*** Block opens ***
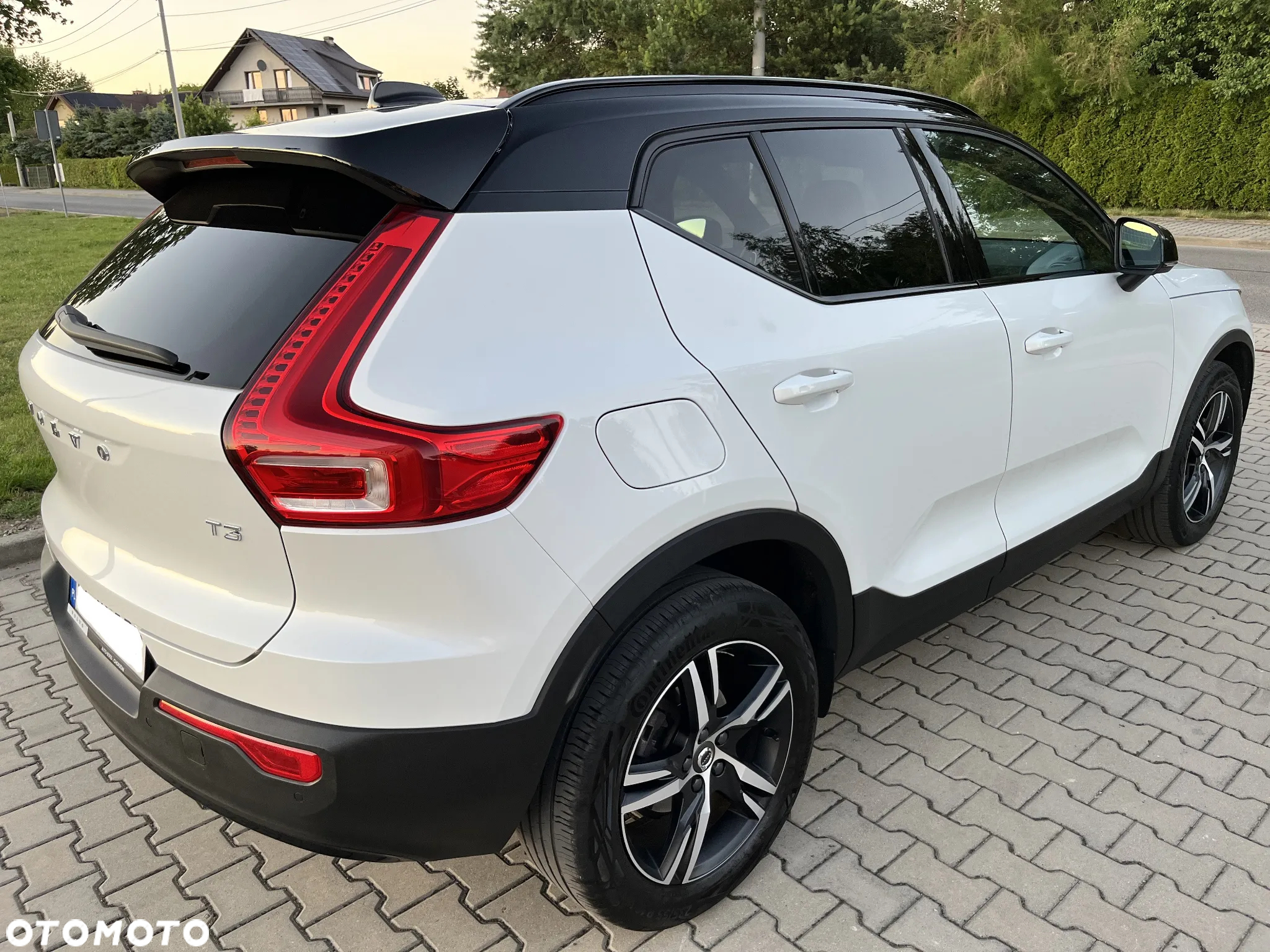 Volvo XC 40 T3 R-Design - 14
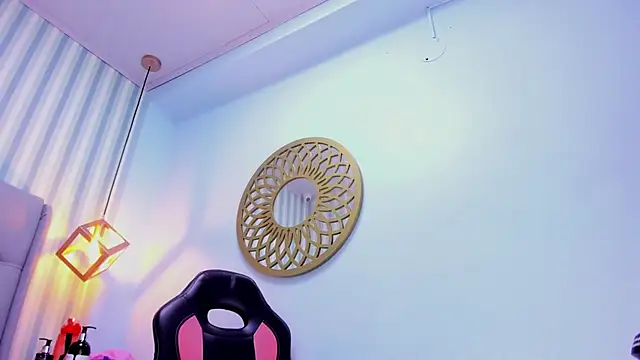 Snapshot of LINASTARK chatting on December 7, 2024, 6:32 am LINASTARK online show from December 7, 2024, 6:32 am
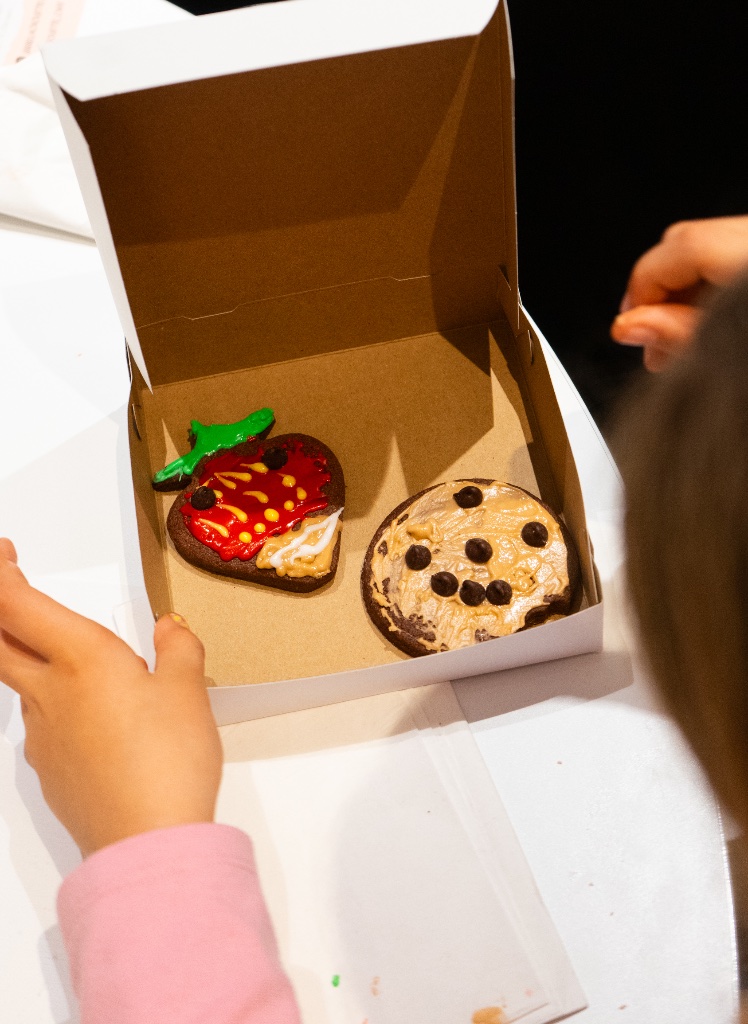 Children discovering chocolate creations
*** Block closes ***
**What the task requires:**
The whole listing above, word for word: repeat it with the pictures excluded.

**Finished exercise:**
 Volvo XC 40 T3 R-Design - 14
 Snapshot of LINASTARK chatting on December 7, 2024, 6:32 am LINASTARK online show from December 7, 2024, 6:32 am
 Children discovering chocolate creations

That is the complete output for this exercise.